*What the exercise asks*
Look for the line containing "FILSON Fishing Strap" and the line containing "etérea 2 Stück" in the entries below. Copy those two and all lines between them exactly, leaving out pictures.

*Source data*
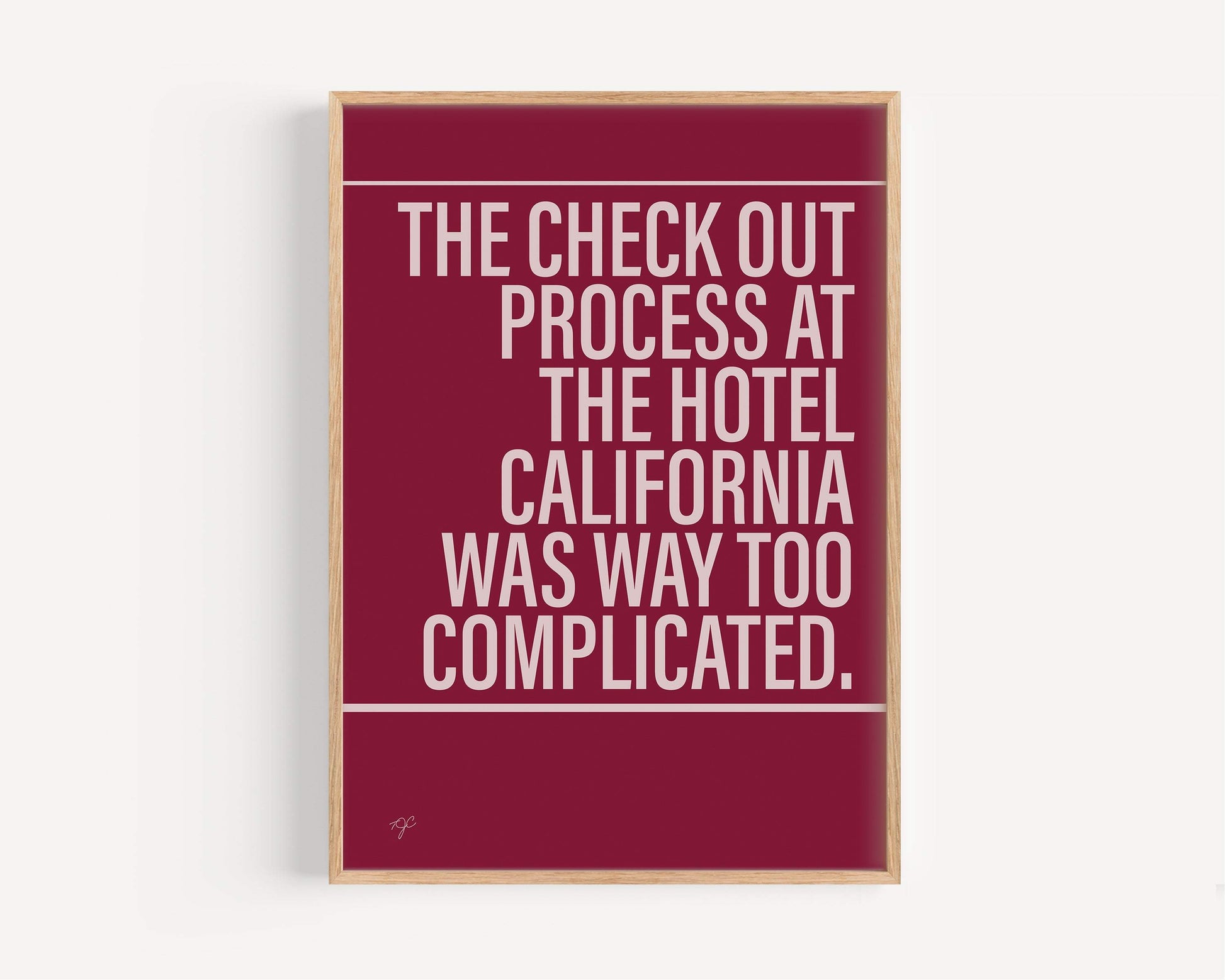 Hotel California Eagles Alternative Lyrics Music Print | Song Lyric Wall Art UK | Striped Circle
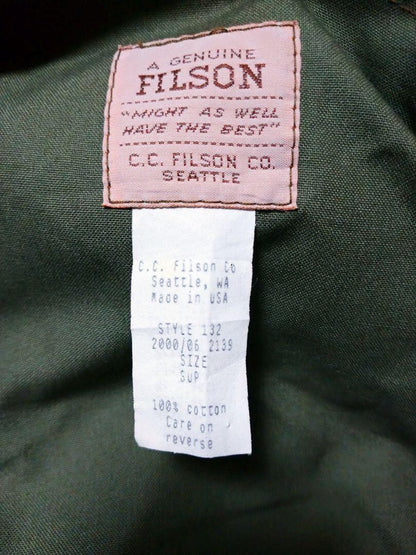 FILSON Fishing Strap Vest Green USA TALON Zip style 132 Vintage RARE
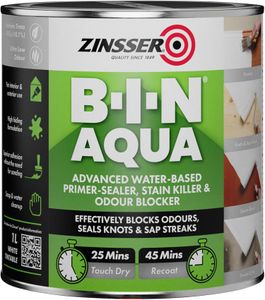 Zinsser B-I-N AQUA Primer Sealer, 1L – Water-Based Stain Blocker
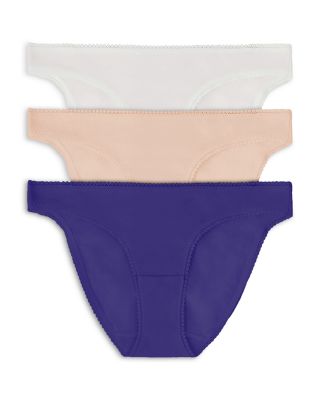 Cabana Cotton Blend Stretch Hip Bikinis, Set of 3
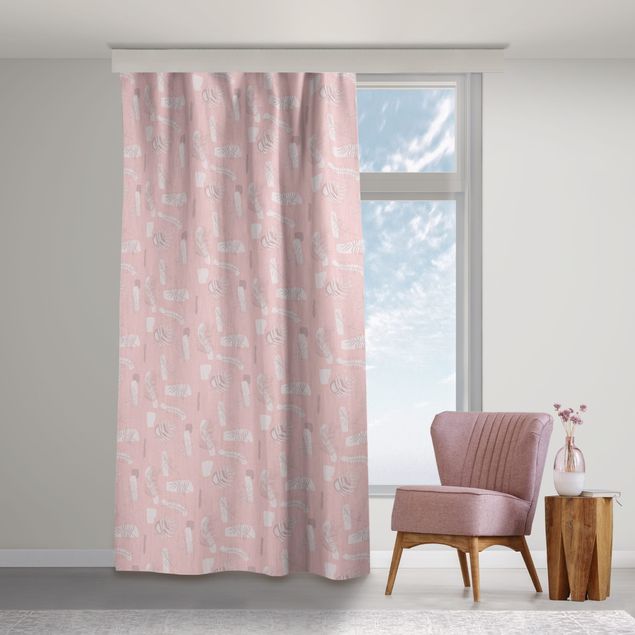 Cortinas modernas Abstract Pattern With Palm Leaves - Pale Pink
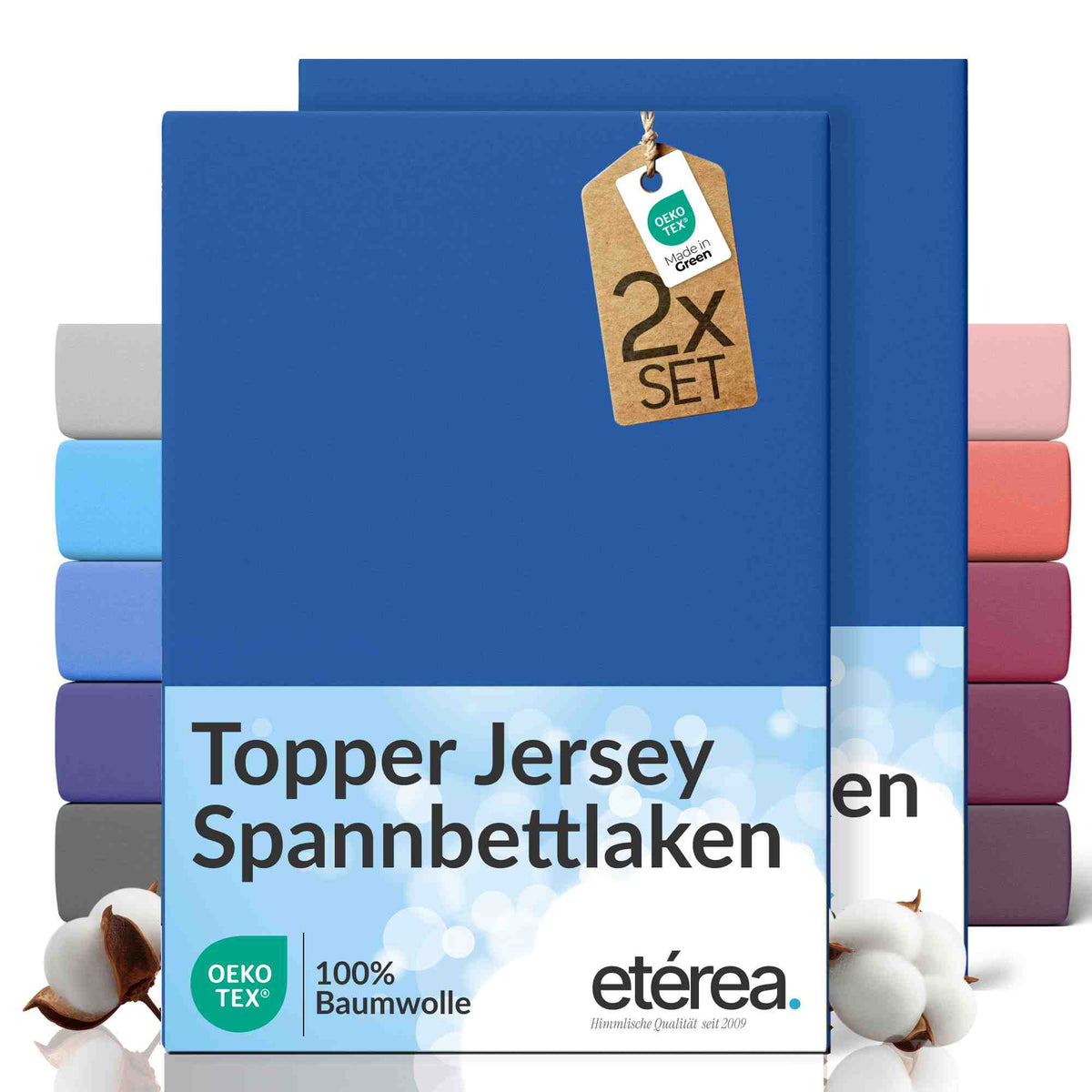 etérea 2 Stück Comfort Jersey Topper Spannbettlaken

...

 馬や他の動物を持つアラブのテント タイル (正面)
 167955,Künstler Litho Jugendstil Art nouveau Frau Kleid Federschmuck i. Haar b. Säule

*Written reply*
 FILSON Fishing Strap Vest Green USA TALON Zip style 132 Vintage RARE
 Zinsser B-I-N AQUA Primer Sealer, 1L – Water-Based Stain Blocker
 Cabana Cotton Blend Stretch Hip Bikinis, Set of 3
 Cortinas modernas Abstract Pattern With Palm Leaves - Pale Pink
 etérea 2 Stück Comfort Jersey Topper Spannbettlaken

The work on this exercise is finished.